In the DOPU image [Fig. 5(b)], most DOPU values of skin and pectoral fin are high and homogeneous. As shown in Fig. 5(c), the accumulative retardation values of the above tissues tend to zero, which indicates the low birefringence of those tissues. In contrast, the accumulative retardation values of high birefringence tissues, such as trunk musculature and adductor mandibulae, fluctuate between 0 and π/2 along the depth direction, caused by phase wrapping effects for the accumulation results of retardation [26]. The local retardation [Fig. 5(d)] presents the quantitative analysis of birefringence. The local retardation values of muscle tissues with high birefringence are higher than the values of skin, pectoral fin, and gill due to different collagen contents. As shown in the figure of the accumulative optic axis [Fig. 5(e)], low birefringence tissues, such as skin and gill, can reflect the directivity within the tissues visually. However, the accumulative optic axis is incorrect for samples of optic axis varying along with the depth [27] or high birefringence [29]. Unfortunately, the polarization characteristics of the zebrafish muscle belong to these two conditions. As shown in Fig. 5(e), we can observe the phase jump of accumulative optic axis marked with white arrows in the trunk musculature. This phase jump may be mistakenly interpreted in studying zebrafish and can be corrected by calculating the local optic axis [27] shown in Fig. 5(f). Therefore, the depth-resolved local optical axis is extracted to analyze the muscles in the subsequent research. Skin of zebrafish has higher DOPU and lower local retardation than its muscle, so please note that the color maps of DOPU [Fig. 5(b)] and local retardation [Fig. 5(d)] are specially designed to highlight the different contrast characteristics of zebrafish, and the color map of DOPU is no longer used in the subsequent figures.

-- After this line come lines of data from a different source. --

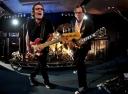 Glenn Hughes and Joe Bonamassa live in London, Sep 21, 2010; photo © Christie Goodwin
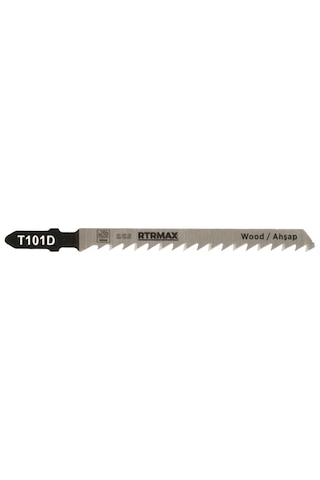 Rtrmax Rh17645 Ahşap Sert - Temiz Kesim Dekupaj Ağzı - T101d Model 100 Mm - 5 Adet
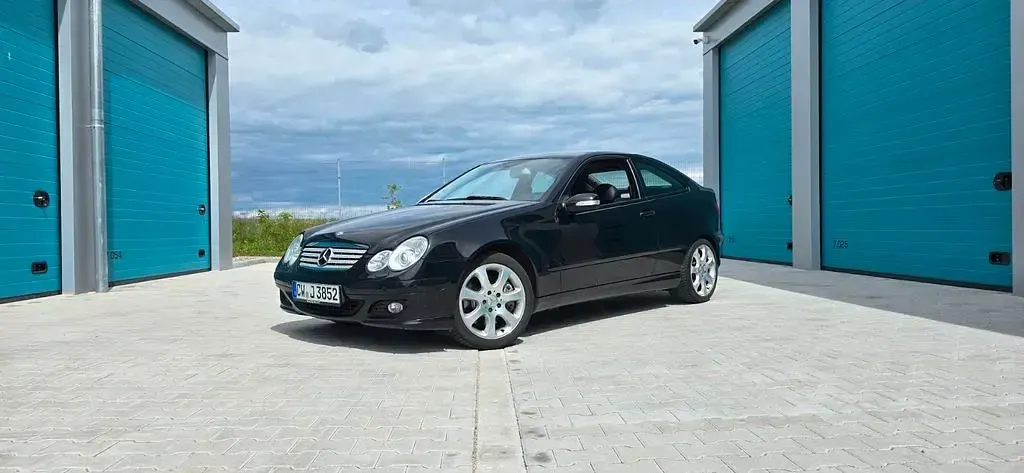 Gebraucht Mercedes C350 272 PS (200 kW) 2006 Schwarz Coupé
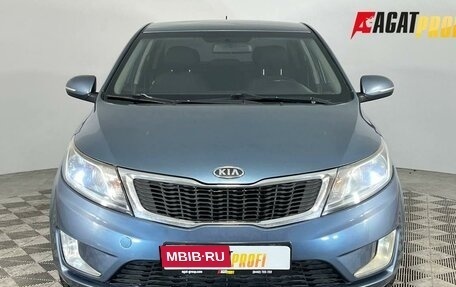 KIA Rio III рестайлинг, 2012 год, 860 000 рублей, 2 фотография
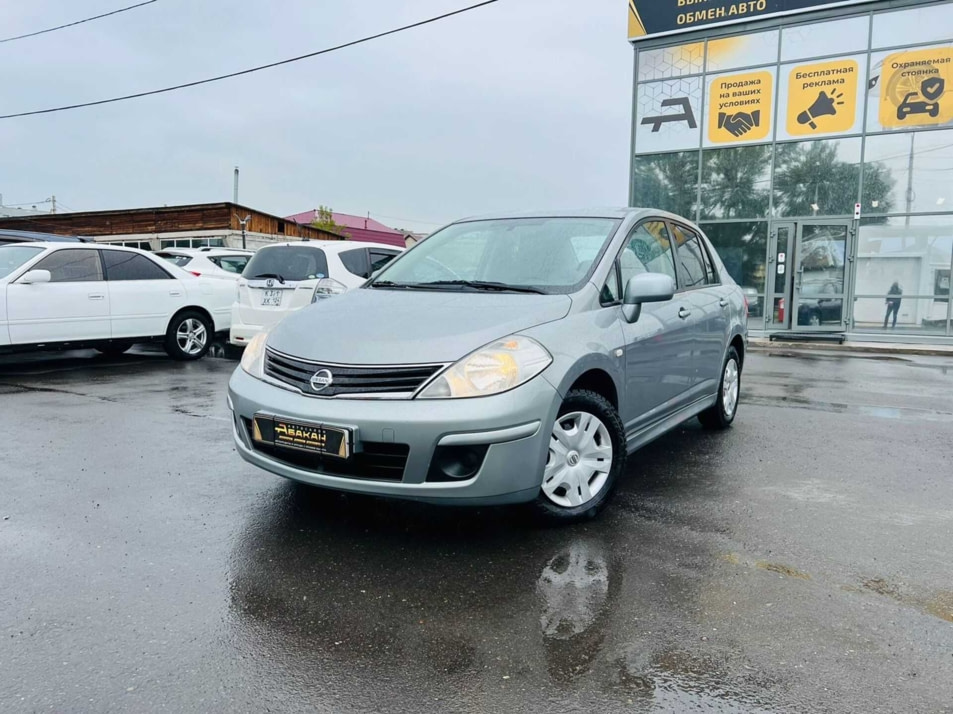 Автомобиль с пробегом Nissan Tiida в городе Абакан ДЦ - Автосалон Абакан на Тихой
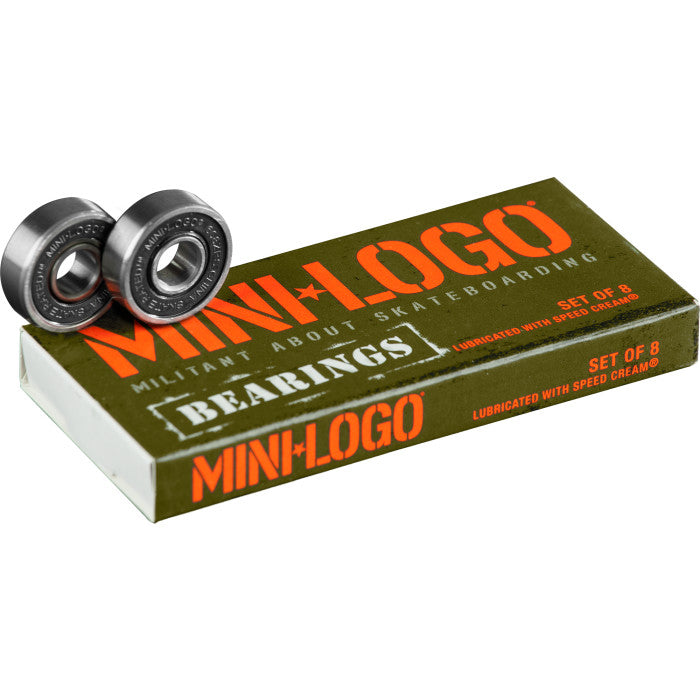 BONES - Mini-Logo Bearings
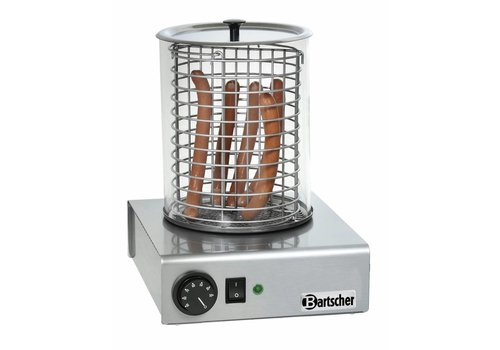  Bartscher Electric Hotdog Cooker | Rectangular 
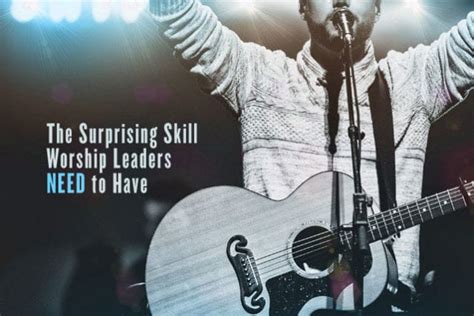 Technical Skills for Worship Leader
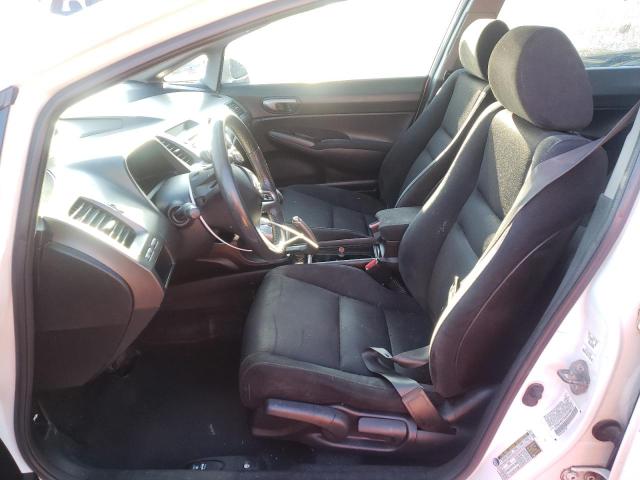 2HGFA1F66AH548172 - 2010 HONDA CIVIC LX-S أبيض صورة 7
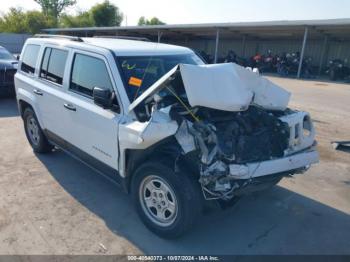  Salvage Jeep Patriot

3.3. Segmentation of the muscle based on the DOPU threshold

To prevent interference of scales and skin, it is necessary to extract the muscles from OCT images before analyzing them. Segmented intensity images based on the thresholds of intensity and DOPU are shown in Figs. 6(a) and 6(b), respectively, where the blue regions below the threshold are regarded as muscles. As shown in Fig. 6(a), some muscles with high intensity are segmented mistakenly. As a comparison, when the DOPU threshold is set to be 0.86, clear boundaries between the skin and the muscle can be achieved in Fig. 6(b). That is because compositions of skin and muscle have different polarization characteristics. 3D intensity rendering OCT images before and after segmentation based on the DOPU threshold are shown in Fig. 6(c) and 6(d), respectively. As shown in these two figures, before segmentation, the scales (Sc) cover the zebrafish completely. After segmentation, the structure of myoseptum (M) and anal fin musculature (AFM) can be clearly observed and only with a few scales left on the body.

Fig. 6.

Segmentation of the muscle. (a) and (b) are intensity images used to show the segmentation results of muscles based on the thresholds of intensity and DOPU, respectively. (c) and (d) are 3D intensity rendering OCT images of zebrafish before and after segmentation, respectively, where scales (Sc), myoseptum (M), and anal fin musculature (AFM) are pointed out by different green marks. Scale bars are 500 µm.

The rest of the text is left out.